DO COMINHO AO VATAPÁ – COMO AS ESPECIARIAS APIMENTARAM A HISTÓRIA


A ruptura do isolamento continental, quando o intercâmbio de produtos de diferentes continentes, ocorrido no bojo a expansão continental europeia, alterou radicalmente a dieta de quase todos os povos do planeta.

Especiarias asiáticas – como pimenta, canela, cravo, noz-moscada – tornaram-se conhecidas na Europa e em outros continentes. As culturas das Américas – como milho, batata, tomate, amendoim, pimentões – foram espalhadas por todo o globo. Gêneros tropicais – como cana-de-açúcar, chá, café, chocolate – criaram um novo padrão de consumo de bebidas excitantes e calóricas que, ao lado do tabaco, tornaram-se hábitos internacionais.

Produtos típicos da Europa mediterrânea, como trigo, uva, fizeram parte do pacote da colonização e o álcool destilado penetrou em todas as partes.

A chegada de produtos asiáticos, como cana-de-açúcar e algodão) à América, por meio da Europa, e o seu cultivo em grande escala, gerou a monocultura de agroexportação, que submeteu povos inteiros aos ditames das grandes corporações multinacionais, condicionando os preços à oferta e demanda do mercado mundial.
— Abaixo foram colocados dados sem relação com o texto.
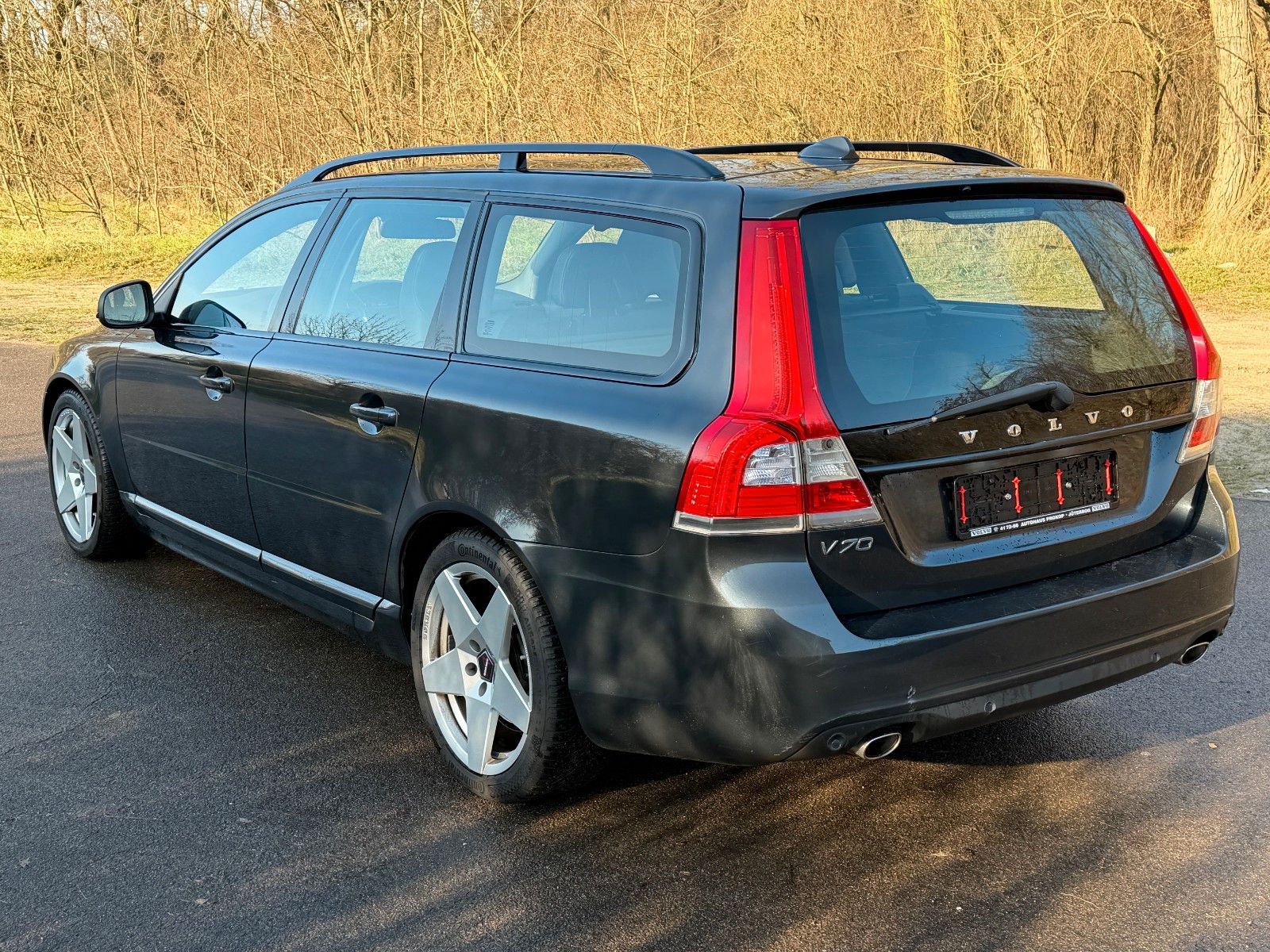 Fahrzeugabbildung Volvo V70 D4 Linje Svart *Allwetter*Bi-Xenon*Standhzg*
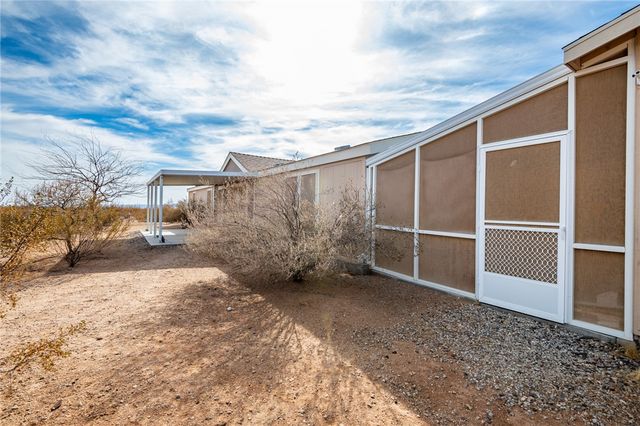 3549 N Glen Canyon Road, Golden Valley, AZ 86413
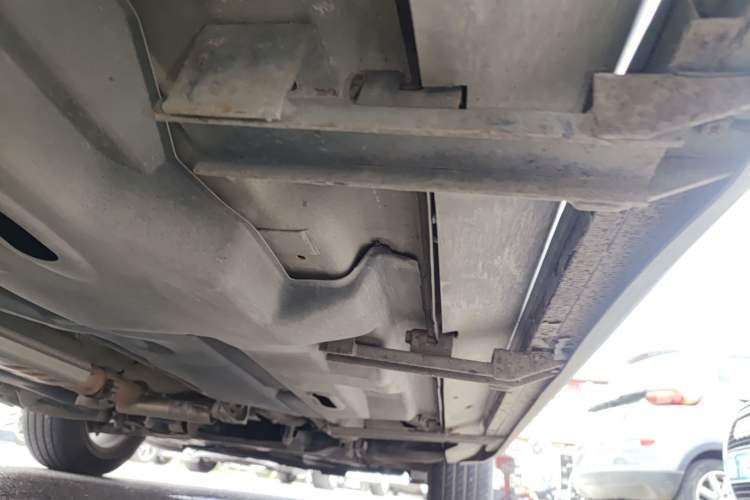 Used Jeep Cherokee 2016 2.4L Leading Edition Right Side Sill
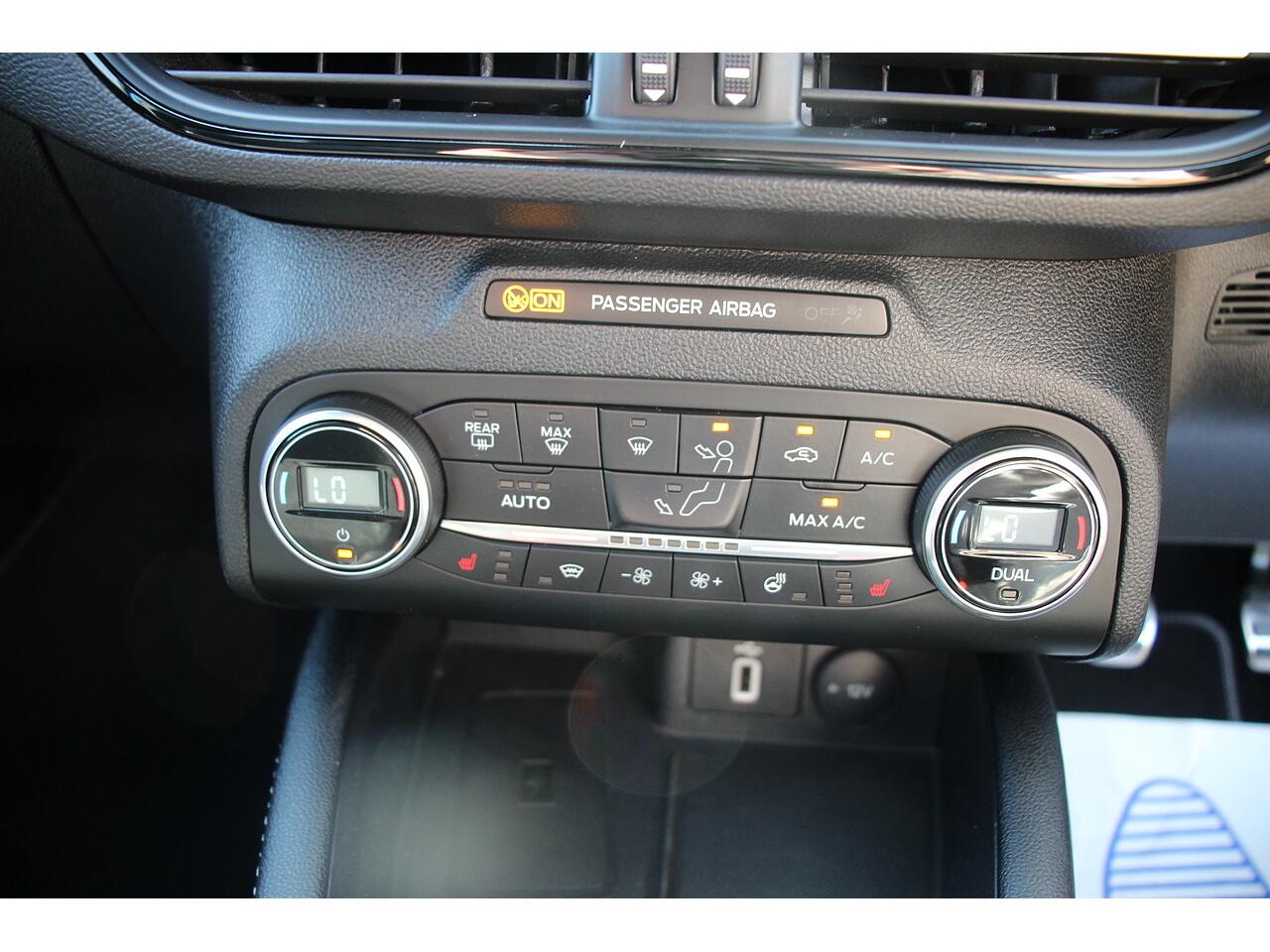 Ford Focus view 25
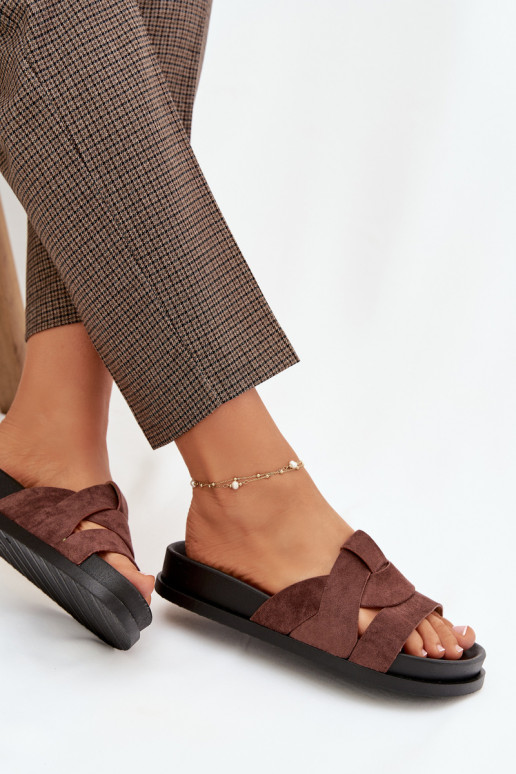 Dámske papuče z eko semišuoIne S pruhmi tmavohnedá Márivessa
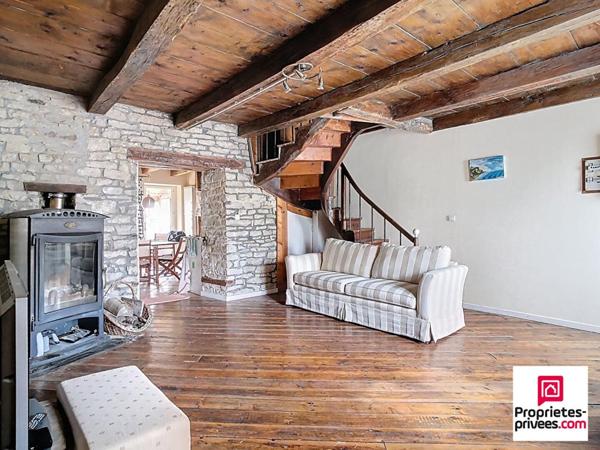 Maison en pierre  Courchaton 5 pièces 138 m2 + dépendance 90 m2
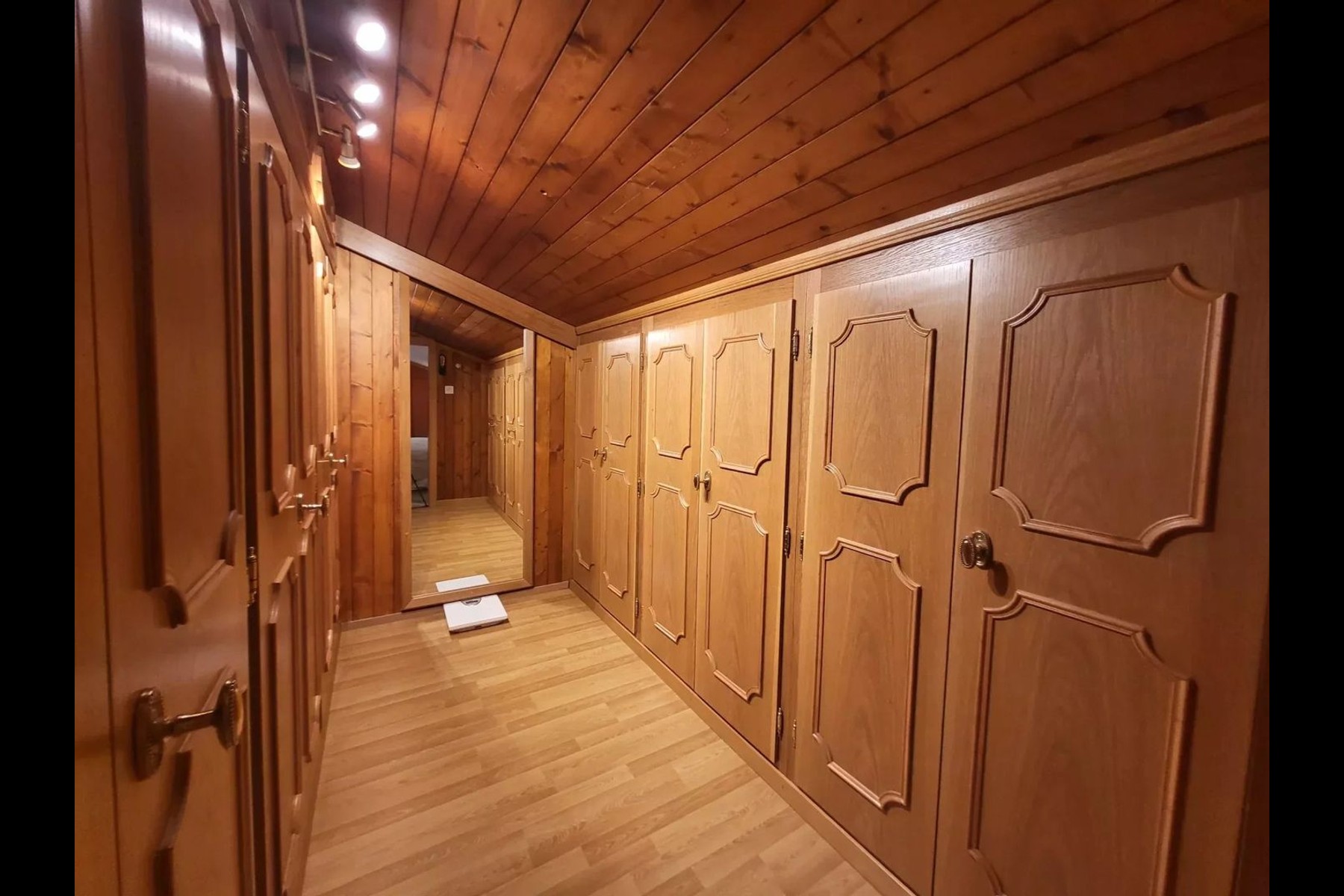  Spacious, perfectly maintained 6.5-room chalet with garden - 物件實景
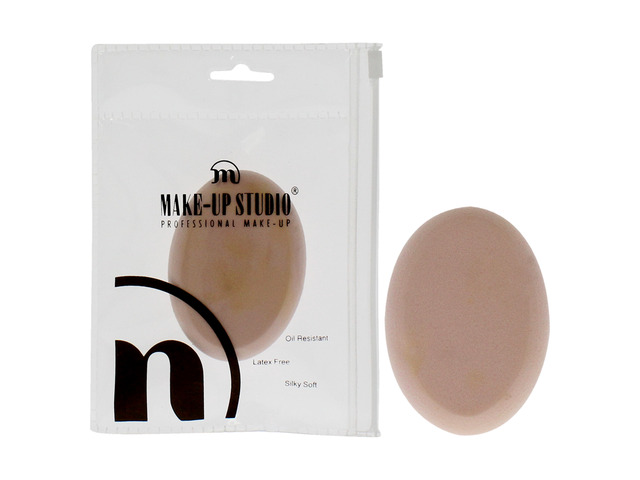Oval Buffed Sponge Blending - Light Pink by Make-Up Studio for Women - 1 Pc Sponge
A cultura árabe já vinha sendo a responsável por disseminar produtos asiáticos na Europa, desde a baixa Idade Média. Desde especiarias a arroz, sorgo, algodão, frutas cítricas, mangas, cana-de-açúcar e berinjela. As Cruzadas ajudaram essa difusão. Contudo, eram produtos restritos à nobreza, às classes mais abastadas. Quando deixaram de ser bens de luxo e passaram a ser consumidos pelas classes sociais mais baixas, esses produtos deram origem mercados mundiais sedentos por diversas especiarias, como açúcar, bebidas quentes (chocolate, café, chá).

Esses mercados criaram novas formações socioeconômicas, como as plantations nas Américas, acompanhadas do odiável tráfico de seres humanos, que não foi originado mas foi expandido drasticamente no seu âmbito.

O tráfico triplo – produtos asiáticos vão para a Europa; escravos africanos, para as Amércias; produtos das Américas vã para Europa e África – propiciou a acumulação de capitais necessária para a revolução no sistema de produção artesanal existente na Europa. Demanda crescente, algodão e capitais internos disponíveis deram surgimento à indústria têxtil, que culminou na Revolução Industrial.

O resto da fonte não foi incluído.